Ignorées du public français, le seul M. Risler serait certainement capable de les lui faire connaître et peut-être comprendre. C’est l’affaire de trois petits quarts d’heure, avec les reprises. L’œuvre est plus étonnante encore que l’arietta de la dernière sonate. Elle est une preuve plus abondante et plus riche, un signe plus manifeste et plus éclatant, non pas de la contradiction, mais, tout à l’opposé, de la conciliation possible entre l’unité de la nature ou du fond et la variété des formes, j’allais écrire, pensant à la théologie, des personnes. Il arrive ainsi que la musique, une telle musique du moins, devient le symbole de vérités qui la dépassent, mais qu’elle annonce et dont, à sa manière, elle se fait témoin ou caution.

Dans l’ordre, dans aucun ordre sonore, on ne saurait trouver un élément qui manque ici. Tout y est présent et vivant : les mélodies, les rythmes et les accords en foule ; des fugues et des marches ; tous les mouvemens, lents ou rapides, et toutes les mesures ; le développement ou le travail de la sonate et de la symphonie ; tantôt un menuet et tantôt une aria, l’action et le rêve tour à tour, les modes et les degrés innombrables de l’être, depuis la force brutale jusqu’à la grâce exquise, du plus morne désespoir à la plus légère comme à la plus rude gaieté.

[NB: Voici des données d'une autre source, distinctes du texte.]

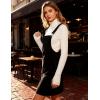 Hooever Women’s Cute Corduroy Overall Bib Dress Pinafore Suspender Dress Skirt Jumper(Black-dress)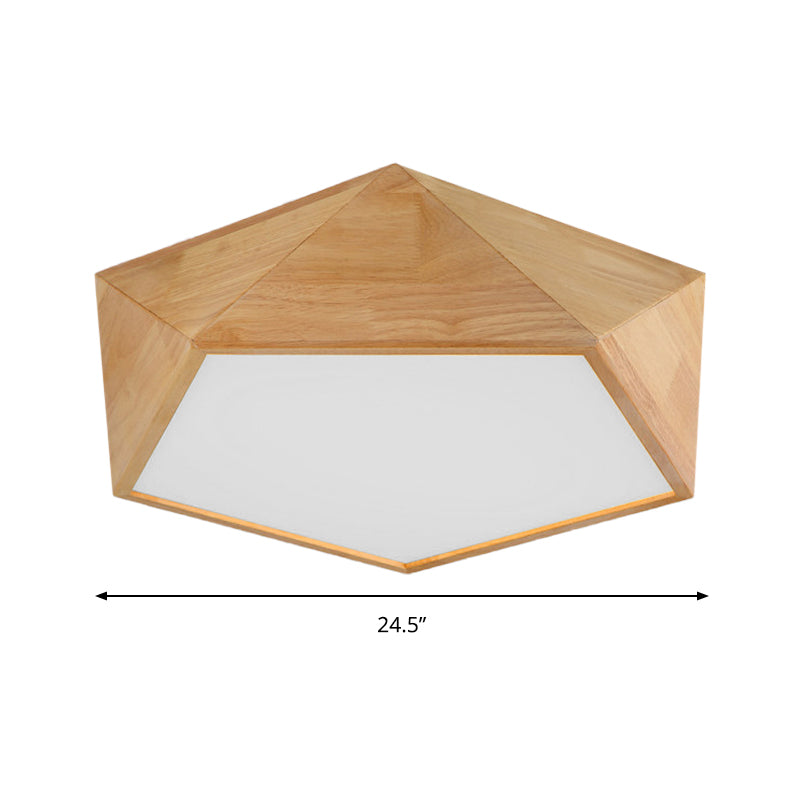 Wood Pentagon LED Flush Ceiling Light - Japanese Style, Beige - 16.5"/20.5" Width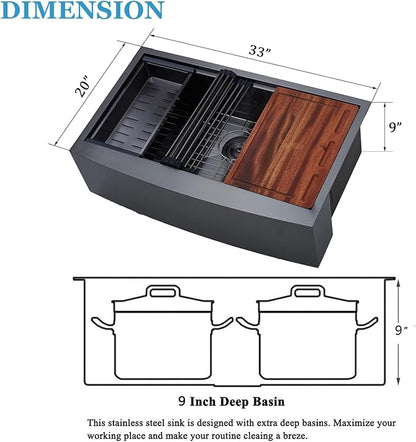 33 Inch Black Farmhouse Sink, Undermount Stainless Steel Apron Front Farm Kitchen Sink Single Bowl Workstation 16 Gauge 33x20x9 with Accessories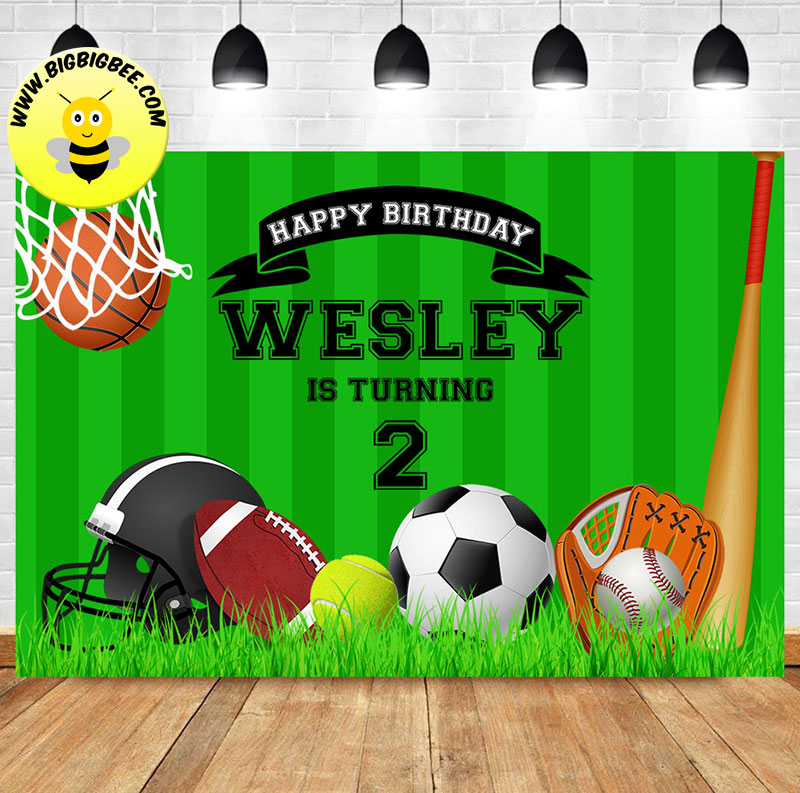 Custom Rugby Soccer Basketball Baseball Sports Theme Birthday Backdrop Banner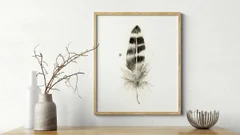 Image of a feather watercolor painting by Shayna Larsen, originals & prints available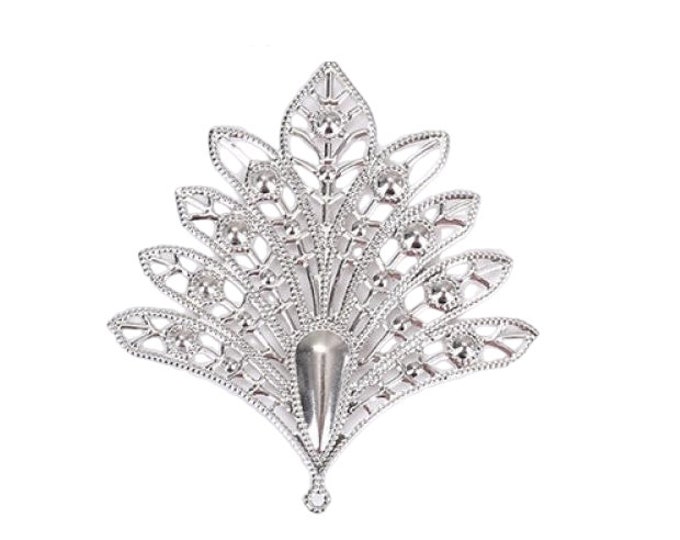 8pc 79x75mm platinum look filigree pendants-FM110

Avec tout cela, sous tout cela, parmi tant d’altérations et de métamorphoses, l’idée vit et revit. Elle triomphe même du silence. Une des variations les plus extraordinaires, et les plus passionnées, est hachée de soudaines et longues pauses. À travers ces espaces, mesurés (car ce ne sont pas des points d’orgue), mais vides et muets, Beethoven poursuit, en lui-même et tout bas, sa pensée purement intérieure. Nous la suivons avec lui, comme lui, n’en reconnaissant le cours impétueux et caché qu’à des accords frappés de place en place. Ainsi, même pour nous, la musique un moment dépouille le signe sensible et la matière sonore. Elle n’est plus qu’esprit, et c’est ici l’une de ces variations, tout à fait singulières et d’un idéalisme transcendant, où, suivant le mot cité plus haut de Riemann, le thème subsiste encore, mais seulement « dans la conscience de l’auditeur. »

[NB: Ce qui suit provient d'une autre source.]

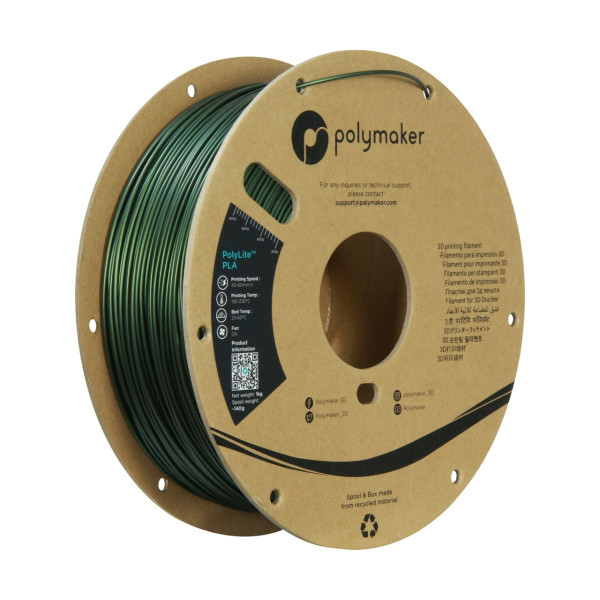 Polymaker PolyLite PLA Sparkle filament 1.75 mm Dark Green 1 kg PA02027 DFP14319 - 1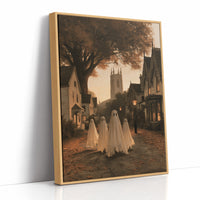 Neighborhood Watch, After Hours, print in a natural wood frame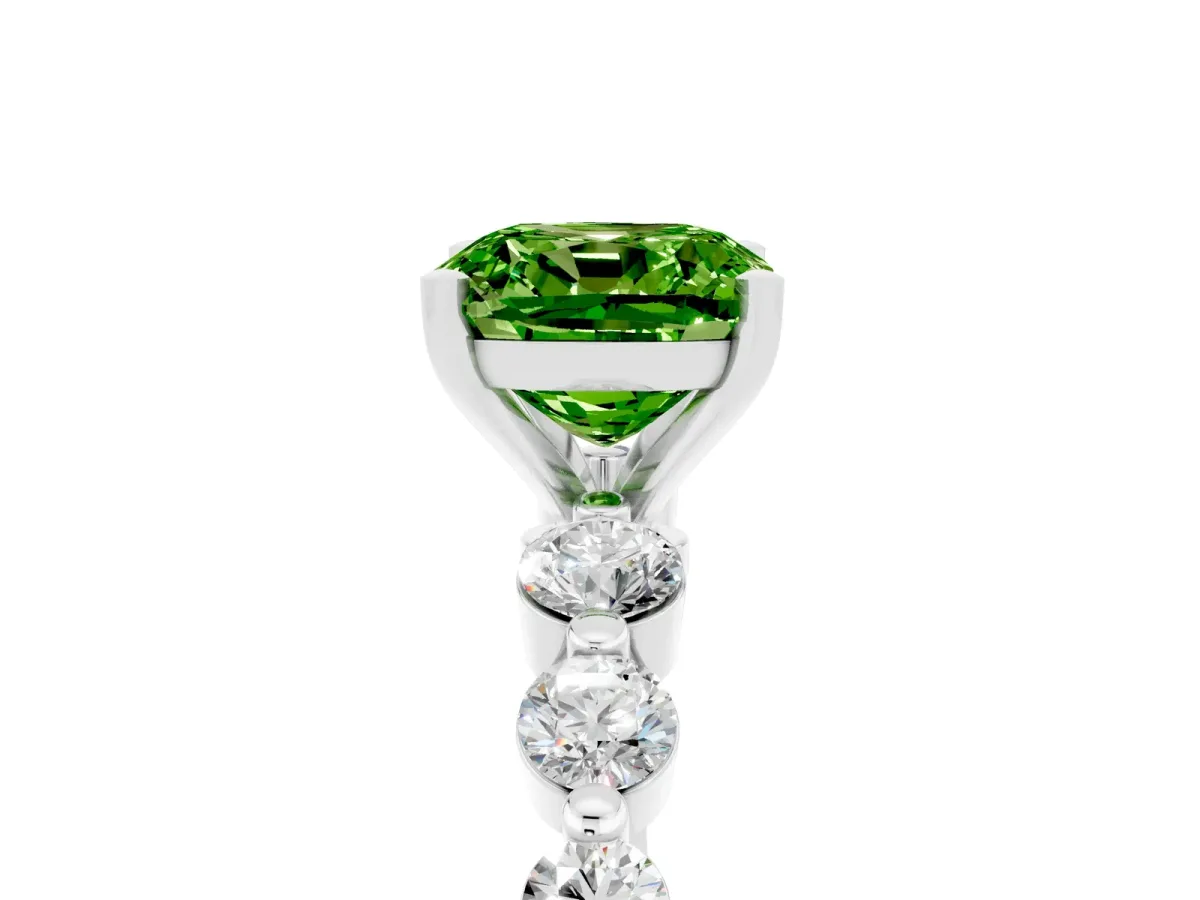 Cushion Cut Solitaire Peridot Ring with Pave Band and Four-Prong Setting Platinum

Voilà, pour le coup, le chef-d’œuvre et le sommet du genre. Plus haut même que l’arietta de l’Op. 111, il est aussi plus difficilement accessible. Je ne sais qu’un interprète, mais j’en sais un, digne de nous y élever. Les admirateurs de Beethoven doivent beaucoup à M. Edouard Risler. Mais lui-même leur doit quelque chose encore : les trente-trois variations sur la valse de Diabelli. Ils les lui réclameront jusqu’à ce qu’il les leur ait données.